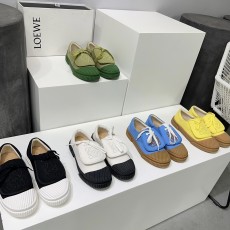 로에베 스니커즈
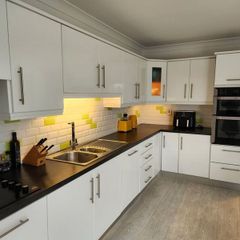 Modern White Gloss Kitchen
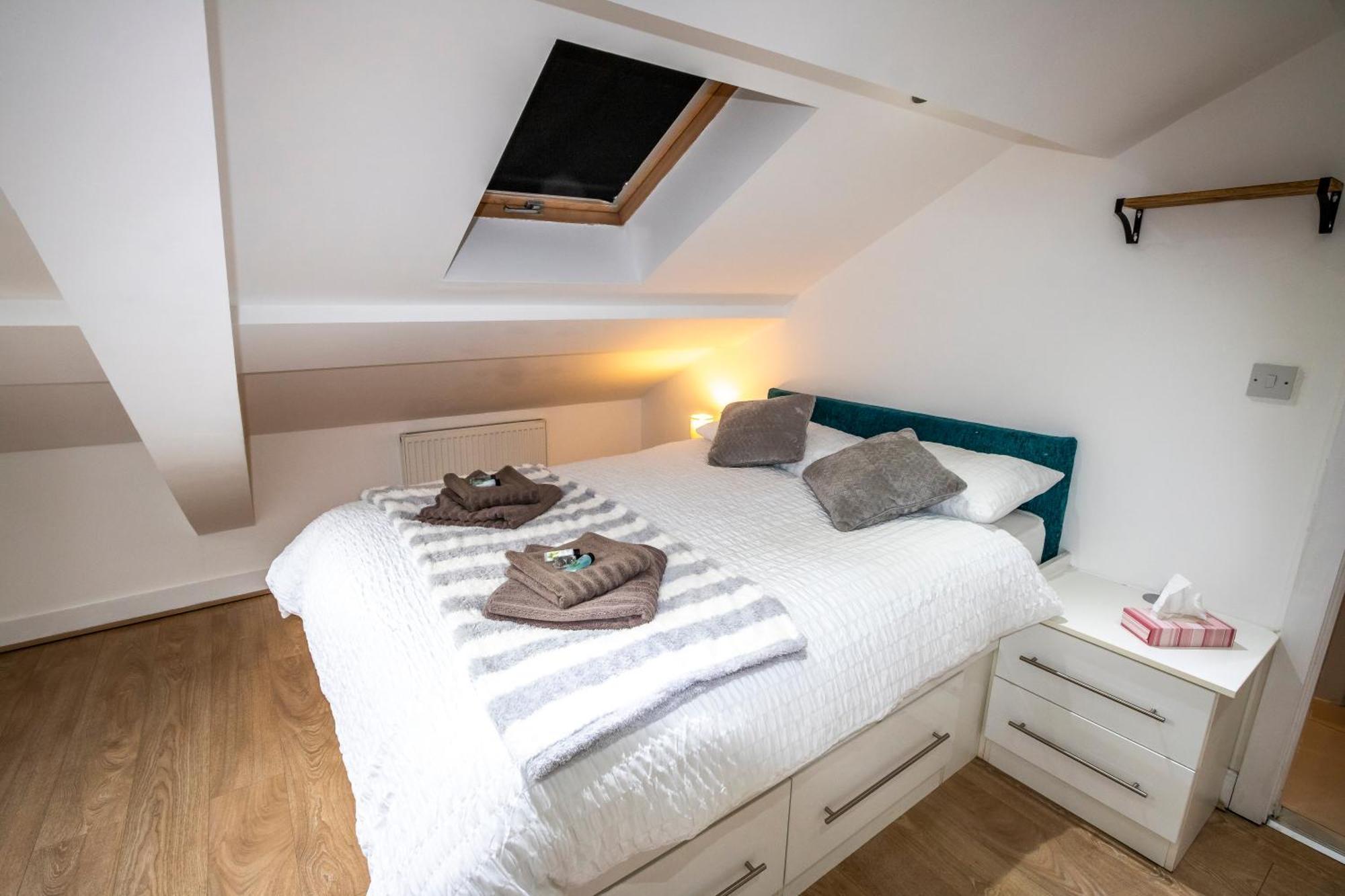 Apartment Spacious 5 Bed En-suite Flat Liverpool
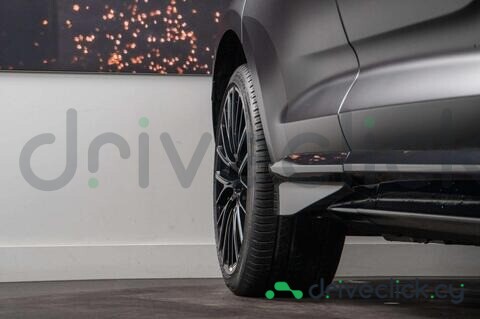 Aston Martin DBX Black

Your assignment:
Return exactly the lines from the line with "Apartment Spacious 5" through the last line of the data above, both included; pictures do not go in the answer.

Task response:
 Apartment Spacious 5 Bed En-suite Flat Liverpool
 Aston Martin DBX Black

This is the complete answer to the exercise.